• EXERCISE DETAILS
Output exactly, with nothing added, the entries from the first line through the line with "Maya Için Kalıcı Yuva saglikli asili güvenli".

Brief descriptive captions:

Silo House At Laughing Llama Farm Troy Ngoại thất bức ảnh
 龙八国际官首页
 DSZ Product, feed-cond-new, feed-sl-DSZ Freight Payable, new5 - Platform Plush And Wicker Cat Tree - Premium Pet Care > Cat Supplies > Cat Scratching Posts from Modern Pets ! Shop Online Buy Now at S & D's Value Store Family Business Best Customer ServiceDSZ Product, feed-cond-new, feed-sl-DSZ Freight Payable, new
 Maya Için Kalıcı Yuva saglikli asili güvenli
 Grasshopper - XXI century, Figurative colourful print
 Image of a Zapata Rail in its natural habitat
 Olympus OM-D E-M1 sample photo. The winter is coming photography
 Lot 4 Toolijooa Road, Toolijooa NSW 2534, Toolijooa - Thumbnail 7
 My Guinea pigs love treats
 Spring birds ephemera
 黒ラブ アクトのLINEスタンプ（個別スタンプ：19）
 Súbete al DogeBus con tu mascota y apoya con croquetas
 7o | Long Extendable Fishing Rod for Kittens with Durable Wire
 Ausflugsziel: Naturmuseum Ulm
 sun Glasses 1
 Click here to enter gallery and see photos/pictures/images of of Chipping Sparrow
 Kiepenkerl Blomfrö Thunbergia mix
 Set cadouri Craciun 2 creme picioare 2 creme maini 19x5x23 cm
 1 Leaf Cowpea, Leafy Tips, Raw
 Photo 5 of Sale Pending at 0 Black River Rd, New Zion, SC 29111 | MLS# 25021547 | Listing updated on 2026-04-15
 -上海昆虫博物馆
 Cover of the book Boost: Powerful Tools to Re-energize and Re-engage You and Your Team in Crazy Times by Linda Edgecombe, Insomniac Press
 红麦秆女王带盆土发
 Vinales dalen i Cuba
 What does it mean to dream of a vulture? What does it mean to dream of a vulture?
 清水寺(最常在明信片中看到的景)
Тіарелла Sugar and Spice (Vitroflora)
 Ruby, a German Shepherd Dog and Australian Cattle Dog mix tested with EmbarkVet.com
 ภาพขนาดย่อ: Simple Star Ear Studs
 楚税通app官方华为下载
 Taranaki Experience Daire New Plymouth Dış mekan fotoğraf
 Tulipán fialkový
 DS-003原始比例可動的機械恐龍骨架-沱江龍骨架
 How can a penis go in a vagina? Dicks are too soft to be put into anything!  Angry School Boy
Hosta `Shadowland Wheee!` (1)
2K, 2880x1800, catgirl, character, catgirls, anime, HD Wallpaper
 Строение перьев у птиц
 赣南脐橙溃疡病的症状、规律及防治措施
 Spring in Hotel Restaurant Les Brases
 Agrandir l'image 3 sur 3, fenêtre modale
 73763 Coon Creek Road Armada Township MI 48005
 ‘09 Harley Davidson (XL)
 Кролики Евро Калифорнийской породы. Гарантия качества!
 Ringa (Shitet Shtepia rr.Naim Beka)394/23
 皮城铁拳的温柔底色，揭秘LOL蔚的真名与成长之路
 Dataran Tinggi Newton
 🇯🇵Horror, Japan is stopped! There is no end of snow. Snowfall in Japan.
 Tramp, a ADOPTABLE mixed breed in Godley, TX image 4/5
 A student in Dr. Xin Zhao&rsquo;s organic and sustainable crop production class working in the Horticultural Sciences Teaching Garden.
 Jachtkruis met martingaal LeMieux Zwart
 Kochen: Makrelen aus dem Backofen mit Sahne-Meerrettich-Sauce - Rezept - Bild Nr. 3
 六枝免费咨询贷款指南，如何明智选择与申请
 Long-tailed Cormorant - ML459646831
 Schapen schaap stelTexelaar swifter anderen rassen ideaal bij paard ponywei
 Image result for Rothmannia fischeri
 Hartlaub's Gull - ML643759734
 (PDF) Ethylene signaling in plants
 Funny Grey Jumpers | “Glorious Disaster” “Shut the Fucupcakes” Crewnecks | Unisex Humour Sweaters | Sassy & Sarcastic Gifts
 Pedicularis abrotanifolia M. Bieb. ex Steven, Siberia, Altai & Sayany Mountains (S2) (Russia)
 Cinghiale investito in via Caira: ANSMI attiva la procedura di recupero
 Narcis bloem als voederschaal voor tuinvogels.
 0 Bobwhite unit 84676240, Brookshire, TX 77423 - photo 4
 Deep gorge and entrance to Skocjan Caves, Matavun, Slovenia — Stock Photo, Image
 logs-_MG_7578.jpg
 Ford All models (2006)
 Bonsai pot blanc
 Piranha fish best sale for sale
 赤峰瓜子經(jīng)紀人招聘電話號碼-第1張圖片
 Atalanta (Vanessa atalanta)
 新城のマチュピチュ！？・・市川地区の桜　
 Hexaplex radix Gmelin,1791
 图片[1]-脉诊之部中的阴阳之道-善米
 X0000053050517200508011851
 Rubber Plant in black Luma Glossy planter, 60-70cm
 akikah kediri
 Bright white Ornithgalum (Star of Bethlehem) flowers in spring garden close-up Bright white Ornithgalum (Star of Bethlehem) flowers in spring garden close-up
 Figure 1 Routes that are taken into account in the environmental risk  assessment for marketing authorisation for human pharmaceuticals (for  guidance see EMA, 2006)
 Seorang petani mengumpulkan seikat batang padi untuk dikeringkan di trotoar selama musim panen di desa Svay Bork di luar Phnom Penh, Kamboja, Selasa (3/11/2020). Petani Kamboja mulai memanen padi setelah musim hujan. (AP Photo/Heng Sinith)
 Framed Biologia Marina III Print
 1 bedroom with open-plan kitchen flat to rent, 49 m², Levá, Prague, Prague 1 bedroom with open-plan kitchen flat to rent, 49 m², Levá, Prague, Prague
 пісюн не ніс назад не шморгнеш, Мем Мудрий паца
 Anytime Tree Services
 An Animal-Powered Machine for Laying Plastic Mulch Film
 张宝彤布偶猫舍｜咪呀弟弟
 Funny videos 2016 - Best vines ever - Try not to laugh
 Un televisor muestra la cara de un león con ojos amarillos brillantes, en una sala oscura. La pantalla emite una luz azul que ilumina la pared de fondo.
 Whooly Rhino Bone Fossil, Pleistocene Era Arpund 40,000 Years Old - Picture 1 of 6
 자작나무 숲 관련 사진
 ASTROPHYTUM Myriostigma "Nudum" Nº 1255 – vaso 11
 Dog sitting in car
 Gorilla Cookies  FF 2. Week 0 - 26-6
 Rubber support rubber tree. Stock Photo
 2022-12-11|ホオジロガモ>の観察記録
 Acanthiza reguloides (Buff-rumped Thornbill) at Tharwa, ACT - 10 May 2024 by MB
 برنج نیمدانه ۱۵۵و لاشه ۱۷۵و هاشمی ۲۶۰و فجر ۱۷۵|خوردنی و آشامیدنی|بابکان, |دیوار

• WRITTEN SOLUTION
Silo House At Laughing Llama Farm Troy Ngoại thất bức ảnh
 龙八国际官首页
 DSZ Product, feed-cond-new, feed-sl-DSZ Freight Payable, new5 - Platform Plush And Wicker Cat Tree - Premium Pet Care > Cat Supplies > Cat Scratching Posts from Modern Pets ! Shop Online Buy Now at S & D's Value Store Family Business Best Customer ServiceDSZ Product, feed-cond-new, feed-sl-DSZ Freight Payable, new
 Maya Için Kalıcı Yuva saglikli asili güvenli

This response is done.